Records and attributes

Each record is stored as a dictionary (object), its keys are called attributes.

Identification of the entity (e.g. IP address or AS number) is stored in a special key _id (used by MongoDB as primary key).

Each entity record contains at least the follwing attributes:

key name data type description
_id string/number ID of the entity, i.e. IP address, AS number, etc.
ts_added ISODate (datetime in Python) Time of record creation
ts_last_update ISODate (datetime in Python) Time of last update of the record

Note: All times are always stored in UTC.

Attribute names may be hierarchical (using dot-notation), corresponding to nested dictionaries/objects.

In the documentation, attributes names are sometimes written prefixed with the entity type they are used for and a colon (:), e.g.: ip:geo.ctry or asn:descr.

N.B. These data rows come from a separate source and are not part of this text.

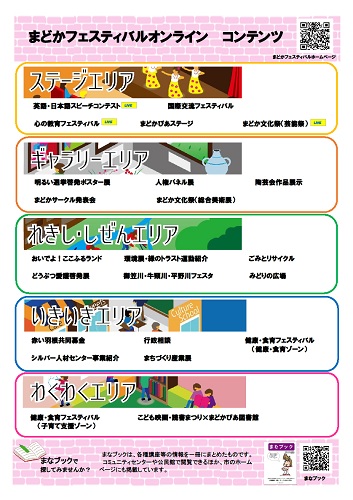 2021年読書週間 まどフェス チラシ裏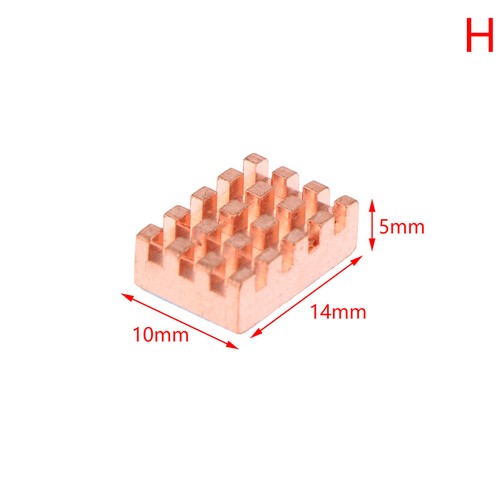 Copper Pin Heatsink Cooler W/Thermal Tape for Laptop GPU CPU VGA Chip Component - Afbeelding 14 van 15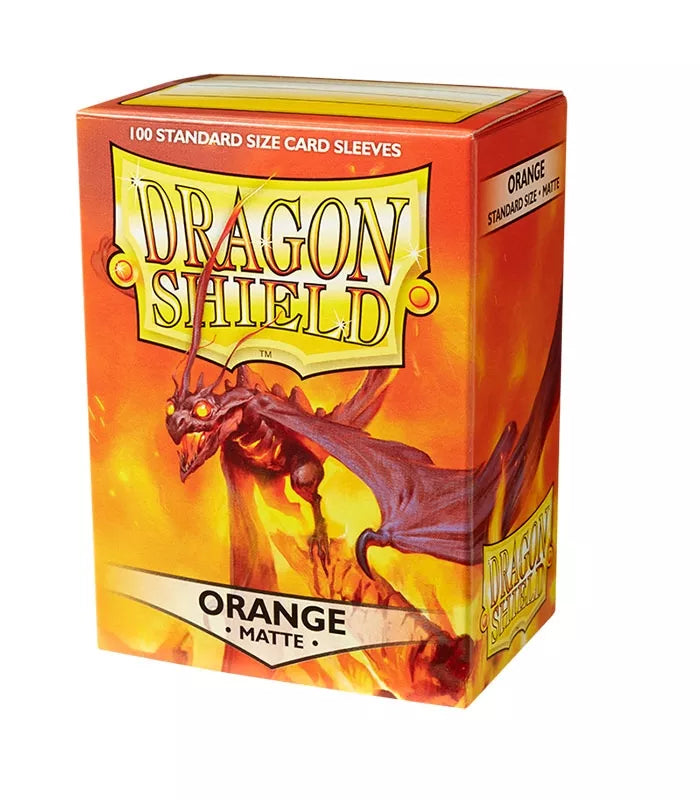 Fundas Standard Matte Naranja (100 fundas) Dragon Shield.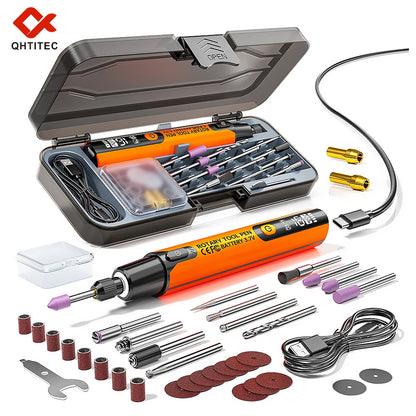 JCD Electric Mini Grinder Engraving Pen 4.2V 10000-16000r Wireless Grinder Cordless Micro Rotary Tools Drill for Jewelry Metal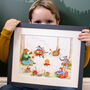 Personalised Forest Band Nursery Print, thumbnail 6 of 8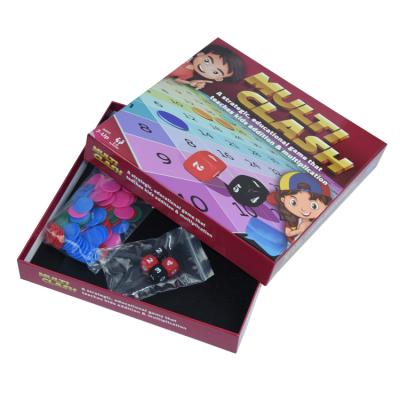 China Customized Wholesale Paper and Cardboard Material Good Quality Board Card Games Sets for sale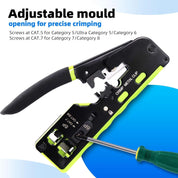 RJ45 Crimp Tool Kit 107 in 1 Ethernet Set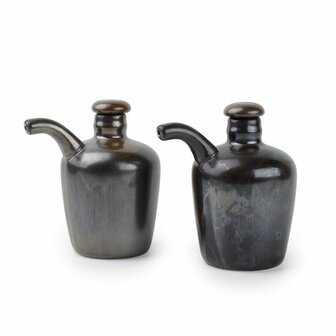 Escura Metallic oil/vinegar bottle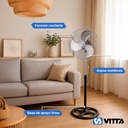 Ventilador Vitta 18" 3 Aspas De Pie 1 En 1 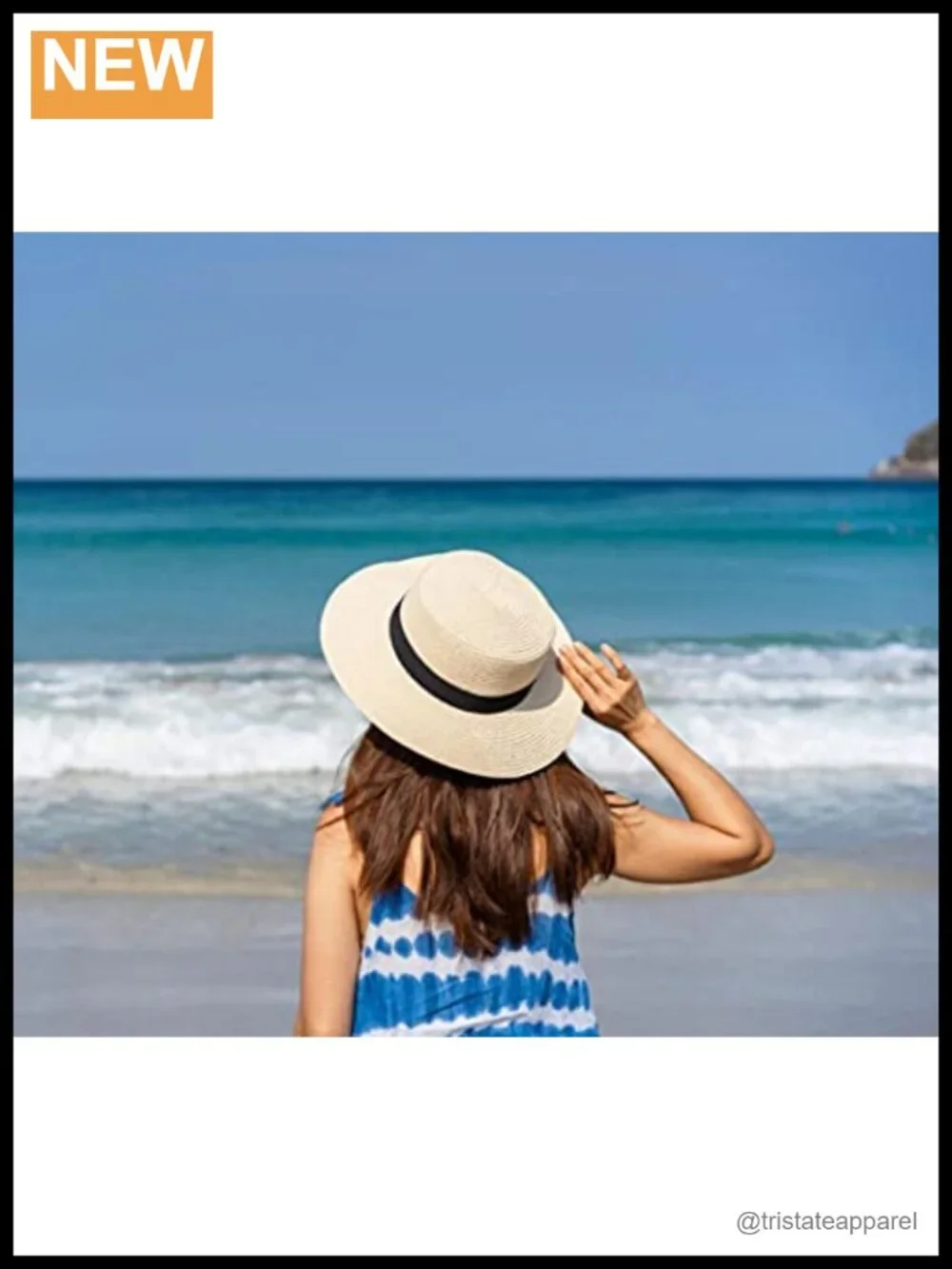 Women's Wide Brim Straw Boater Hat Foldable Packable Beach Sun Hat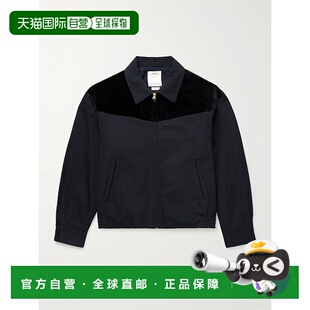 Visvim 维斯维木 男士 Mayfield Velour-Trimmed 羊毛亚夹克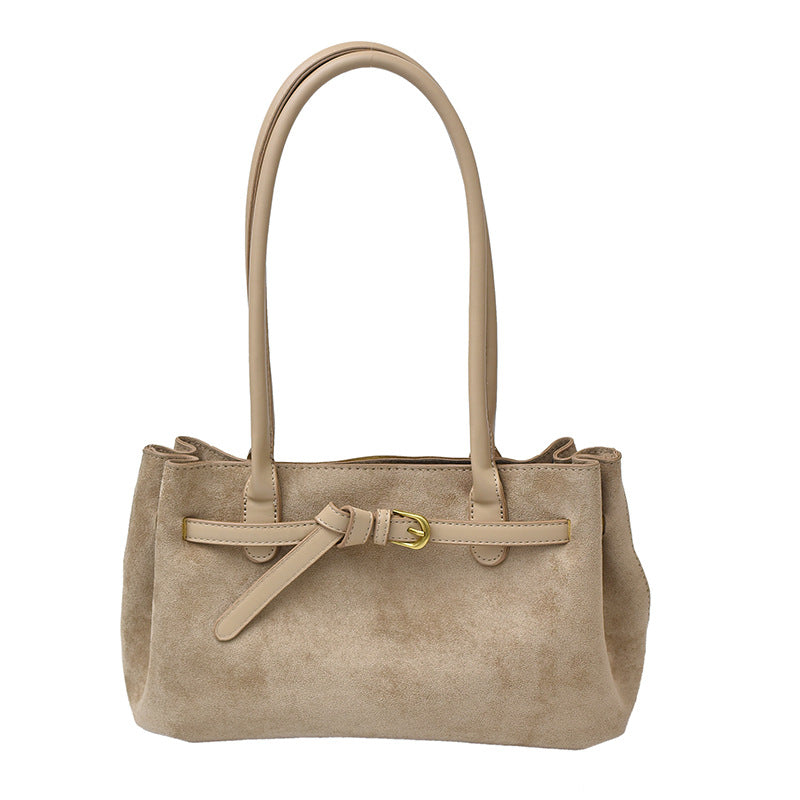 Women's Vintage Bucket Bag | PU Leather Shoulder Bag with Zipper Pocket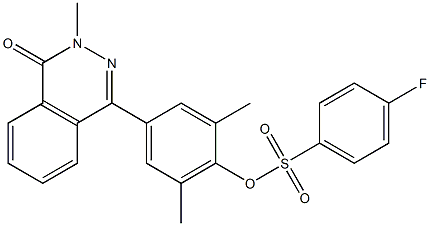 2,6-dimethyl-4-(3-methyl-4-oxo-3,4-dihydrophthalazin-1-yl)phenyl 4-fluorobenzene-1-sulfonate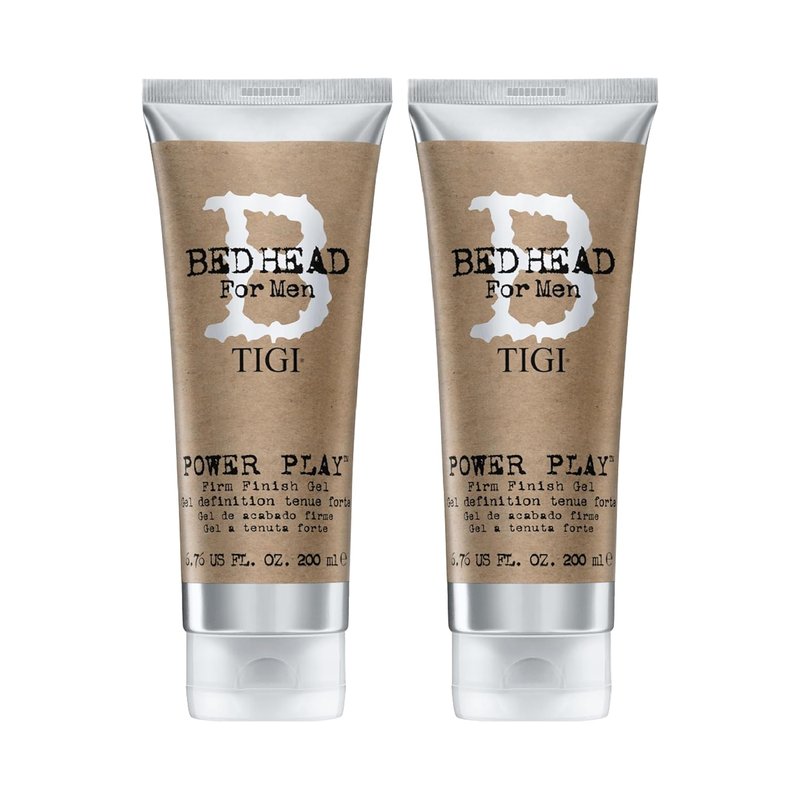 TIGI Bed Head Hair Gel for Men - Power Play 2-Pack | Firm Finish, Anti-Humidity, Frizz Control, 6.76 Oz Each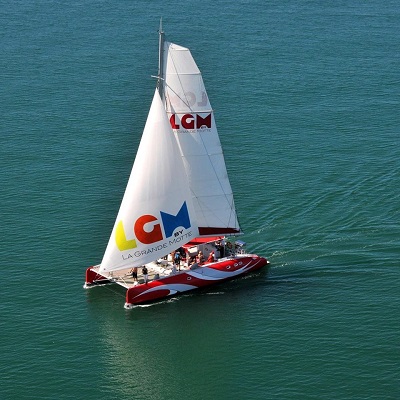 le large à bord du Lucile 2-
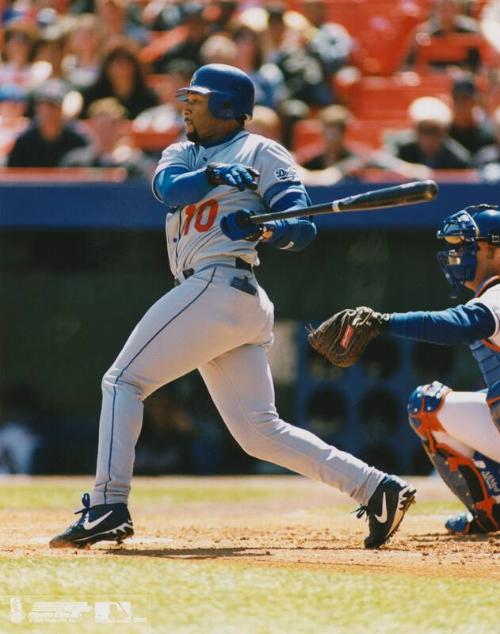 Gary Sheffield Batting photograph, 2000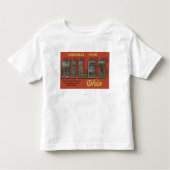 T-shirt Pour Les Tous Petits Niles, lettre ScenesNiles, OH d'OhioLarge (Devant)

Generic formats of attribute values

Note: Formats of particualr attributes are described in Attributes.

Many attributes have hierarchical or somehow complex values. The following is specification on common formats of data storage used in NERD:

Simple values (plain)

Single value (string/number/bool/null) directly under the main key or a fixed hierarchy of keys and subkeys (the hierarchy is used only to group related keys together).

<key>: <value>
<key>: {
    <subkey>: <value>,
    <subkey>: {
        <subkey>: <value>,
        <subkey>: <value>,
    }
}

The attribute name is then composed by joining the key and subkeys with a dot, e.g. <key>.<subkey>.<subkey>.

Example:

"hostname": null,
"geo": {
    "ctry": "CZ",
    "city": "Prague"
}

Values with confidence (conf, list+conf)

If a value needs a confidence to be assigned, it's stored as follows:

<key>: {"v": <value>, "c": <confidence>}

Confidence is a real number between 0.0 and 1.0 (1.0 means 100% confidence). Confidence is optional, if it's not present, 1.0 is assumed.

If more values of the attribute are possible, each with different confidence, an array may be used:

<key>: [
    {"v": <value1>, "c": <confidence_of_value1>},
    {"v": <value2>, "c": <confidence_of_value2>},
    ...
]

Each particular attribute should always use the same variant (i.e. with or without the array, labeled as list+conf or conf) for all entites.

The .v and .c fields are not considered part of the attribute name, this is composed only of the <key> (and possible subkeys).

Example: TBD

Mapping / list of objects (list-of-objects)

If a mapping of some dynamic keys to values is needed, it's stored as an array of objects, where one or more attributes of the object act as the key and the rest is/are the value(s). The names of both key and non-key attributes in subobjects are fixed and must be the same in all elements of the array. The array must contain at most one element with any given value of key attribute (or combined value of multiple key attributes).

<key>: [
  { <key-attr1>: <value>, <attr1>: <value>, <attr2>: <value> },
  { <key-attr1>: <value>, <attr1>: <value>, <attr2>: <value> },
  ...
]

Example:

"bl": [
  { "n": "spamhaus-pbl", "t": ISODate("2017-06-01T12:00"), "v": 1 },
  { "n": "blocklist_de-ssh", "t": ISODate("2017-06-01T12:00"), "v": 0 }
]

In documentation, the key's data type is marked as list-of-objects. Name(s) of key attribute(s) must be specified in the key's documentation. Attributes of subobjects are documented separately, labeled as <key>[].<attr>. See documentation of events at Attributes for an example.

Tags

TBD

Special formats

Some attributes, like ip:tags use their own special format. Formats of particualr attributes are described in Attributes.